Do you make New Year's Resolutions? If you do, how does it work for you? I'm one of those who gave up after years of fine resolutions and less than fine implementations. Now, when pressed for a resolution, my favorite is, "I resolve to include dark chocolate in my diet regularly." This meets the requirements of being something that is good for me – we all know that dark chocolate is healthy, right? – and being a goal I can easily attain.
For my writing, rather than make resolutions that don't have a chance ("I will write 500 words a day every day"), I prefer to list reminders – those things that I forget when deep in a project or feeling as if I haven't accomplished anything beyond being frustrated. Rather than "I will write every day" it will be "Do something for a writing project every day." That allows me to include writing a blog for Active Rain, finding articles in the newspaper, or clipping something from a Smithsonian magazine. Heck, it even counts if I only Tweet once on Twitter! It can also be networking with other business owners, visiting a museum or craft show with a friend, or drafting an article to contribute to the local business journal. All of it feeds into the writing and publishing.

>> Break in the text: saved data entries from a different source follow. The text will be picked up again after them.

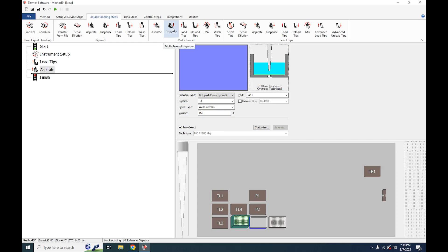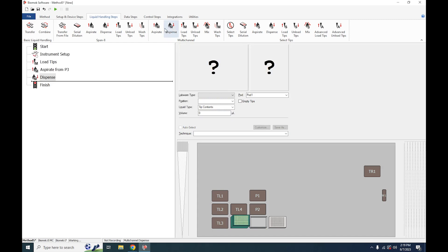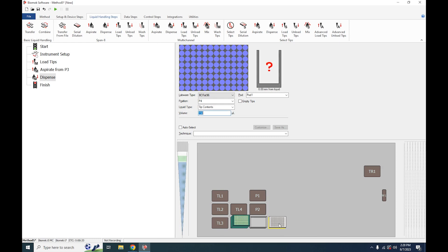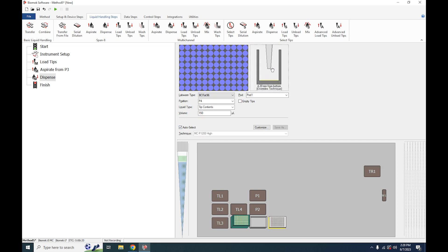Next we will choose our dispense step. Click on Dispense or drag and drop a dispense step into the position you need to. Click on the position you wish to dispense into and do the same as we did with the aspirate step. Either hit auto-select or choose your technique. You can then choose how far from the bottom you'd like to dispense into the plate, and define how much volume you'd like to dispense or whether you'd simply like to empty the tips completely. This will auto-fill the volume section to the maximum of whatever the tip contents are currently.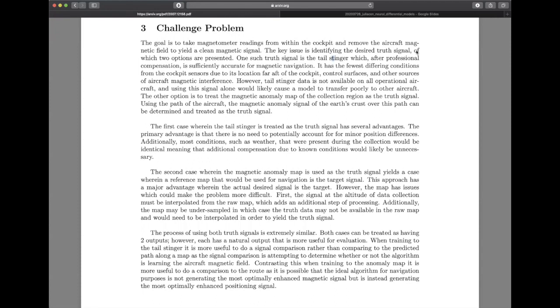The metric for this in both cases is the root mean squared error function. Effectively, we're just measuring how far you are from the desired signal. Hopefully, this is helpful for understanding the challenge problem, and good luck!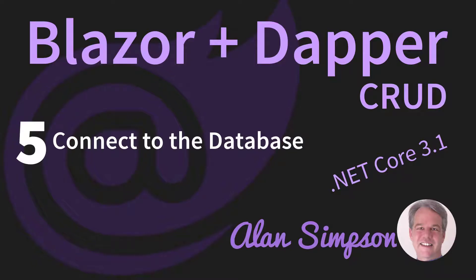Hey, it's Alan. Welcome back. Okie dokie artichoke. We got a database, we got a project, now we got to link them up.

A reminder can also be, "Stand up and walk away." I don't know about you, but I tend to keep after something that isn't working, whether it's a sentence or a software program, until I'm ready to use my laptop as a Frisbee®. Persistence is good – it's one of the characteristics that makes a successful real estate professional. Dogged head banging against brick walls is not good. So I have to remind myself to put space between me and the nemesis du jour so that some fresh air can blow through. There's always something else that needs attention.

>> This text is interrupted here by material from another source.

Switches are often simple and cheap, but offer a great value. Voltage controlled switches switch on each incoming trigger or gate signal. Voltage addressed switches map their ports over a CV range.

"What can I do that makes a difference?" That's an important one. Is there anyone who doesn't want to make a difference, to feel that the world (or some small corner of it) is better for you having been here? This is one that can easily get lost in busyness, which is why it's on my reminder board. It doesn't have to be a big thing; sometimes all it takes is a phone call or a card that says, "I'm thinking of you."
One of the most important reminders is a question: "Am I still having fun?" Some days the answer is a growl, but I know that's situational and will pass. Other days it's a chair wiggle, a grin, and a flip of the head; that's good. If the answer ever comes back a flat, battleship gray "No," there will be changes ahead. Because it just isn't worth spending what little time we have doing something that saps the spirit.
Am I still having fun? Absolutely! And I hope that you can say the same all through the year ahead.